= Terry Riley (broadcaster) =

British deaf rights activist and broadcaster (1944–2019)

Terence (Terry) Riley (1944-2019), PhD, OBE, was a British deaf rights activist and broadcaster. He was Deaf and a British Sign Language user.

==Early life==
Riley was born in Manchester in 1944 to Deaf parents, Mary and Terence (Snr), of Roman Catholic background. He was born hearing, but lost most of his hearing due to mastoiditis. His parents were assiduous members of the local Deaf club and they took him along since he was one week old. When Riley was 15, he became secretary of Manchester Deaf Centre.

Riley working life started working on the cheese counter at Seymour Mead grocers, then as a delivery boy, as a butcher and finally for the gas board.

==Broadcasting activity==
With the help of Doug Alker, Riley joined the BBC's Deaf magazine programme See Hear in 1993 as a researcher, to director, to producer and finally, in 2002, to Series Editor, the first Deaf person to hold that position. In 2008 he left the BBC to become the first Chief Executive of the British Sign Language Broadcasting Trust, which commissions and funds programmes, series and movies in British Sign Language.

==Deaf activism==
Riley was involved with the British Deaf Association (BDA) for fifty years, serving at various times as a Branch Secretary, Branch Chairman, Area Council Chair, a member of the Executive Council, and for three consecutive terms as Chair of the BDA, from 2008 to 2018.

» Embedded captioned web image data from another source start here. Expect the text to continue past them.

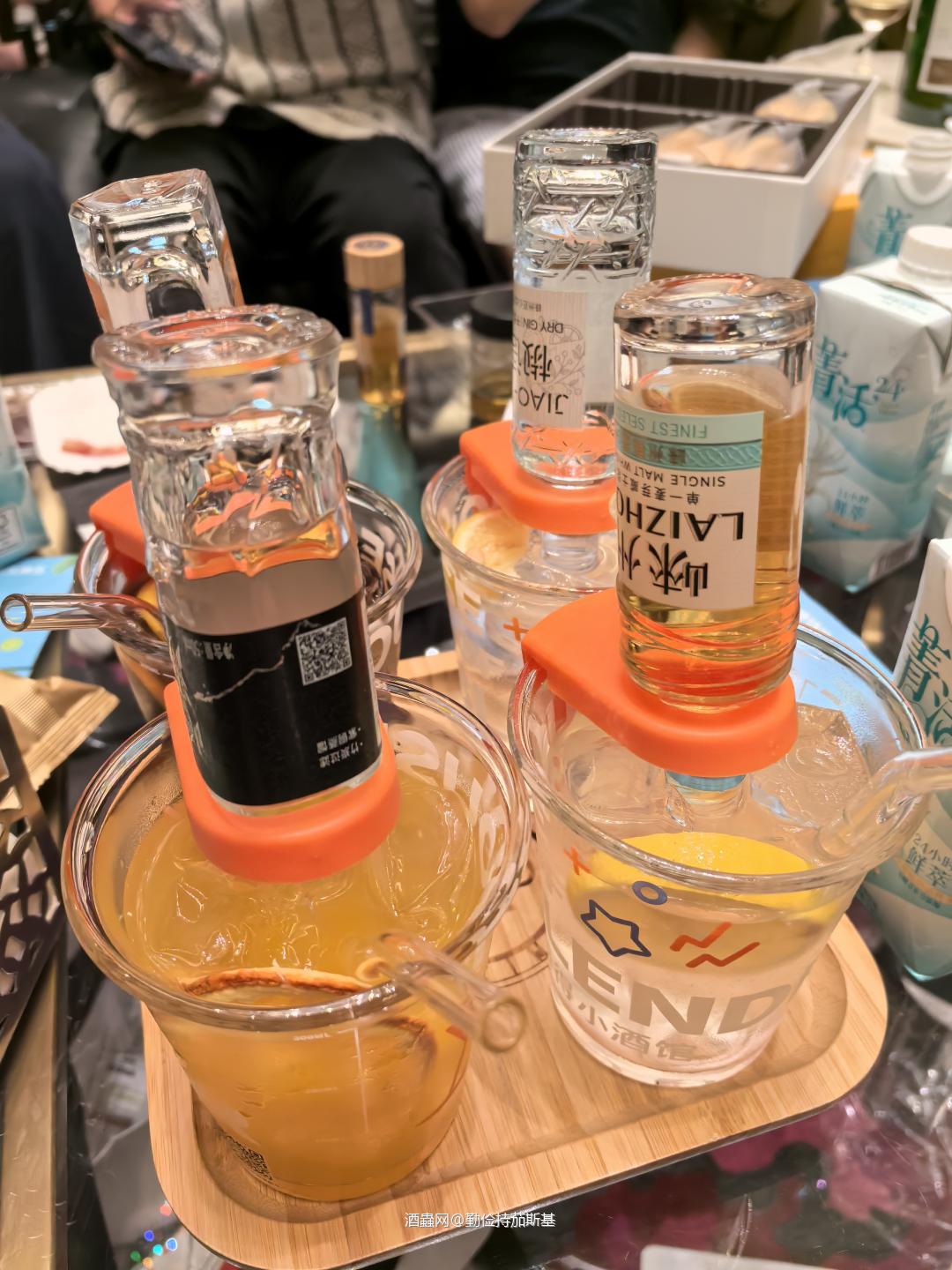 2025 whisky L 流水账 3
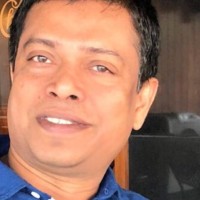 S. Mahmud Mujbik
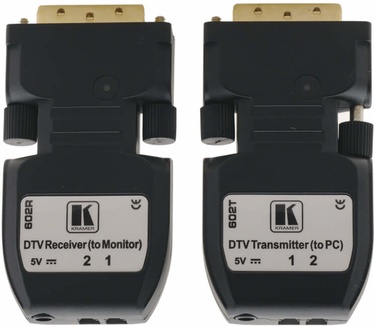 Kramer Electronics 602R/T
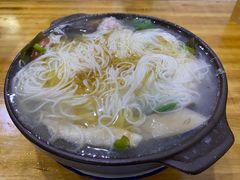 -贵州沾水米线(学田湾店)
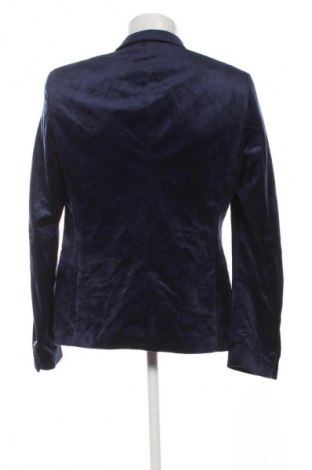 Pánske sako  Unbranded, Veľkosť L, Farba Modrá, Cena  6,95 €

He received the BDA Medal of Honour in 2000. To the end of his life he lobbied for the legal recognition of British Sign Language in the UK.

As well as campaigning nationally, Riley served as vice-president of the European Union of the Deaf from 1991 to 1994, and as a board member from 2001 to 2005. From 2011 to 2019, he served on the Board of the World Federation of the Deaf, and was awarded the title of Honorary Board member at the XX General Assembly of the World Federation of the Deaf in July 2019.

==Personal life==
Riley was married to Angela and spent the later part of his life in Kent.

Riley was passionate about sport and, while working for BBS See hear, helped to push the case for Deaf Sport in the UK by broadcasting Deaf Sport events and issues. He was chosen to chair the Deaf Sports Forum meeting in 2001 which led to the setting up of the Deaf Sports Strategy Group (DSSG). Riley was a supporter of Cheadle Town FC and Manchester City FC.

In 2011, Riley was awarded the Honorary Degree of Doctor of Arts by the University of Wolverhampton.

In June 2014, he was awarded an OBE for services to broadcasting and the Deaf community.